The grip on her biceps tightened. “I get the sense you already know.”
Apprehension rolled off her and all but slammed into Bragg. Rory Edwards and her past were sore subjects. “Answer the question.”
She glanced around as if making sure no one was around. “We met when we were teenagers. We were both in a clinic for troubled teens.”
“You both tried to kill yourself.”
The lines in her forehead deepened. “I’m not proud of that time, but what does it have to do with Rory’s death? Like I said, I haven’t seen him in a dozen years.”
Bragg unclipped his phone and scrolled to the picture he’d taken of the photo found at the crime scene. He held out the phone, coaxing her closer toward him. “You remember this picture?”
She didn’t approach right away but then moved closer. The soft scent of soap rose up around her. No flowery perfumes or exotic scents but simply clean soap. His body tightened, unmindful of logic or reason.
For a long moment she didn’t say a word and then she cleared her voice. “It was taken the last night we were both at the camp. Rory left the next morning.”
“How’d he end up with the picture if he left?”
“I sent him a copy from camp. I didn’t want him to forget me.”
“His brother said you wrote to him several times a week but Rory’s father threw out the letters.”
Her jaw tensed, and he suspected an old wound opened. “I guess one letter made it through.”
“Rory never forgot you.”
She stepped back. “I wish he had.”
“Really, do you have to ask?
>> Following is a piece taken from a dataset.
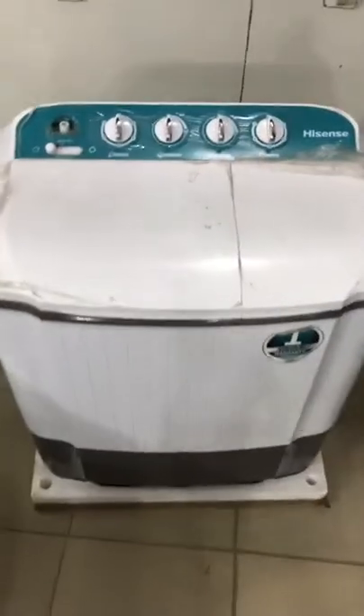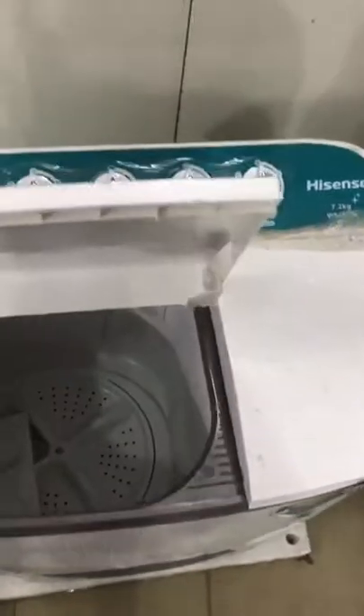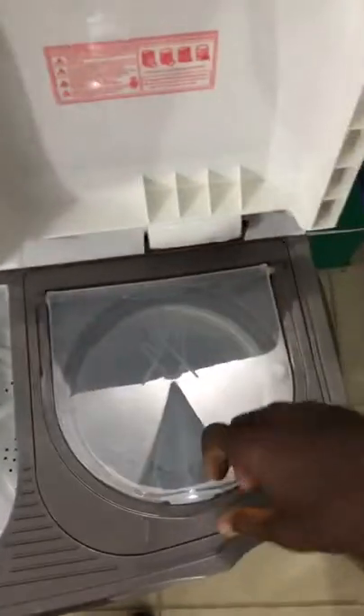This is the 7.2 Hisense washing machine manual. This is the wash area and the spinning section.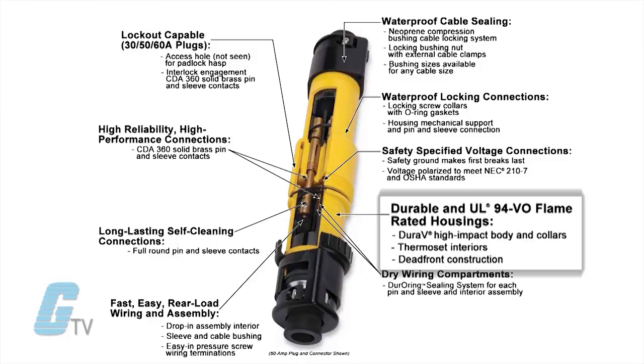The Dura-V housing material is specially designed for hot or cold and chemical wash down duty. It also carries a flame safety rating of UL 94 VO for self-extinguishing housing.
It was a painful time, and I’ve done my best over the last twelve years to forget about it.”
He locked his phone and tucked it back in its cradle. “Were you really able to forget?”
She cleared her throat. “Rory’s family did us a favor by keeping us apart. But the rest? No, I have not forgotten that I wrecked a car and killed my brother and his girlfriend. I ruined so many lives. I carry that with me every day.”
“That why you tried to kill yourself?”